Question

This one bugs me since years, and I'm guessing it may not be solvable:

When clicking the link to a document (let's say a DOC file) inside Internet Explorer on a SharePoint 2010 website, Internet Explorer somehow instructs Office to start up and load the document via WebDAV (I guess it is WebDAV).

In contrast, if I do the same in any non-IE browser (i.e. Google Chrome, Mozilla Firefox, Apple Safari or Opera), the click on the link to a document simply downloads the file instead of passing the URL on to the office application.

My question is:

Is it possible to configure the server or the browser (both server-side solutions or client-side solutions are suitable in our environment) to not download a copy of a document but instead pass the request to the appropriate application?

Update August 2015:

Since Windows 10 and Microsoft Edge browser is now officially released, I tried to open SharePoint documents from within Edge.

And it works! The document actually gets openend in Office and not getting downloaded.

Since from my understanding, Edge does not suport ActiveX there has to be some kind of other mechanism going on here.

Update May 2016:

I've just discovered that when clicking an Excel oder Word link from within Google Chrome (I'm using version 52 of Chrome), a popup occurs and asks whether to open the file in Excel (or Word). So it is not trying to download the file.

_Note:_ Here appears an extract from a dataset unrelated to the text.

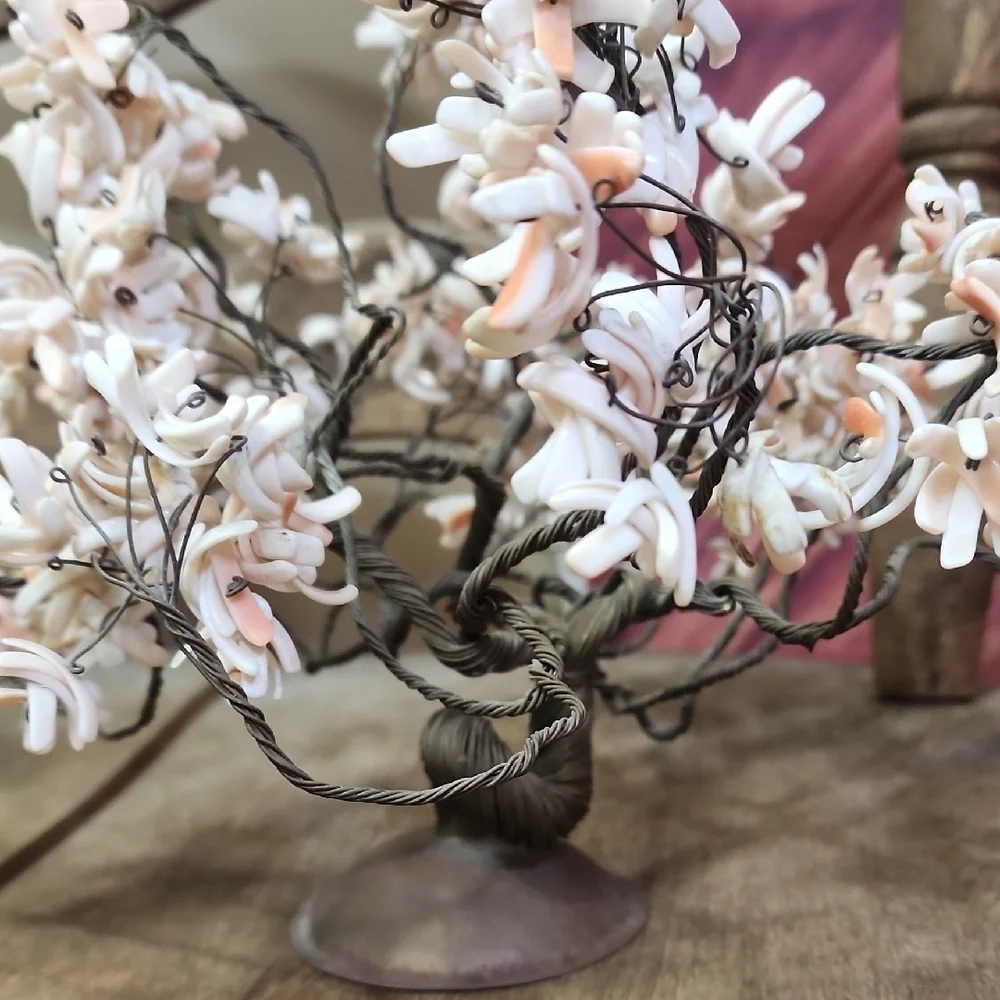 MCM Charming Cream Shell Floral Wire Arrangement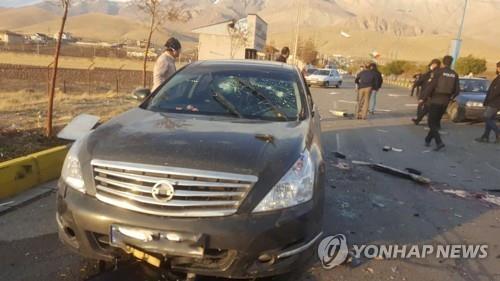 27일 테헤란 부근에서 테러를 당한 이란 핵과학자 모센 파크리자데가 탄 차량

It seems that there are now URI scheme handlers for these file types on my system.

I'm using Windows 10 with Office 2016 and SharePoint 2013.

I honestly don't know whether it is Google Chrome, Windows 10, Office 2016 or even SharePoint 2013 itself that is responsible for registering these URI scheme handlers.

But anyway I'm really happy!

(It probably will work for other Office documents like e.g. PowerPoint, too).

It will also work on Firefox, once I enabled the execution of Microsoft Office within Firefox.

Was it helpful?

Solution

If you examine the link to the document with IE developer tools you'll see that it is a hyperlink and a JavaScript function attached to the onClick event.

The JavaScript function checks if ActiveX is supported in the client Web browser and if a particular client-side ActiveX component (IIRC something with "OpenDocuments") is available. This client-side ActiveX component is installed with Word/Excel/PowerPoint etc.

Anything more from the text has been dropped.